_Data excerpts_.
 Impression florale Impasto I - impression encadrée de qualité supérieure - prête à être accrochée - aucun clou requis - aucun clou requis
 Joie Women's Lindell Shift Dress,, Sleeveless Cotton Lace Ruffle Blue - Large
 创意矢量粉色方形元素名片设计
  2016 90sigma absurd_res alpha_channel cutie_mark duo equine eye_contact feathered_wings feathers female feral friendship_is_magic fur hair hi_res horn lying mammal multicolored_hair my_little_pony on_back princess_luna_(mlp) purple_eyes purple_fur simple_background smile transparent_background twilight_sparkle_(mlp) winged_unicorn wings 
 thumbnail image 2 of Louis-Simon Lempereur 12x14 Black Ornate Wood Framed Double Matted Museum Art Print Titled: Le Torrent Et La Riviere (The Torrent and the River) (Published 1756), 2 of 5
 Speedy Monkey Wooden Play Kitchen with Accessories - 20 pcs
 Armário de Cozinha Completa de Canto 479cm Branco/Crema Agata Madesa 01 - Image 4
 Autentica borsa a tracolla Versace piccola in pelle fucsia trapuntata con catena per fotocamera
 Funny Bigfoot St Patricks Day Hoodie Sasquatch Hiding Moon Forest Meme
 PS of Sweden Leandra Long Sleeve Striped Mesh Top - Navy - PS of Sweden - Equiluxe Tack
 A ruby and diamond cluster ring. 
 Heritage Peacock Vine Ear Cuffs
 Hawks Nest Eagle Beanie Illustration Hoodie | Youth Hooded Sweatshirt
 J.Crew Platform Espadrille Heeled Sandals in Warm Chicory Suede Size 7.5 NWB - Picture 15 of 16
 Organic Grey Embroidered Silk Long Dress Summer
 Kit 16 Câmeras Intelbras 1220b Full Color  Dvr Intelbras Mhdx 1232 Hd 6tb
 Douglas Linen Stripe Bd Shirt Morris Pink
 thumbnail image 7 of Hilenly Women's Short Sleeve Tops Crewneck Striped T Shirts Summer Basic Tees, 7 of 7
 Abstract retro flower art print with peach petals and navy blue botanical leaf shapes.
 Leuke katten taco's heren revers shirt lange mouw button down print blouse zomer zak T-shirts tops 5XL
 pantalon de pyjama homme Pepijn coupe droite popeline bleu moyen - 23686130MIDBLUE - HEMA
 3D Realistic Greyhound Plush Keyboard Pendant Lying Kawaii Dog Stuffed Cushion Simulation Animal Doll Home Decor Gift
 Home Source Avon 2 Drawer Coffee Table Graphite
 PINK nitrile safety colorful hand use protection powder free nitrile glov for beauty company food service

_Task description_. Please return the lines above that run from the line containing "J.Crew Platform Espadrille Heeled" to the line containing "pantalon de pyjama", inclusive, exactly and with no other lines.

_Output for this task_.
 J.Crew Platform Espadrille Heeled Sandals in Warm Chicory Suede Size 7.5 NWB - Picture 15 of 16
 Organic Grey Embroidered Silk Long Dress Summer
 Kit 16 Câmeras Intelbras 1220b Full Color  Dvr Intelbras Mhdx 1232 Hd 6tb
 Douglas Linen Stripe Bd Shirt Morris Pink
 thumbnail image 7 of Hilenly Women's Short Sleeve Tops Crewneck Striped T Shirts Summer Basic Tees, 7 of 7
 Abstract retro flower art print with peach petals and navy blue botanical leaf shapes.
 Leuke katten taco's heren revers shirt lange mouw button down print blouse zomer zak T-shirts tops 5XL
 pantalon de pyjama homme Pepijn coupe droite popeline bleu moyen - 23686130MIDBLUE - HEMA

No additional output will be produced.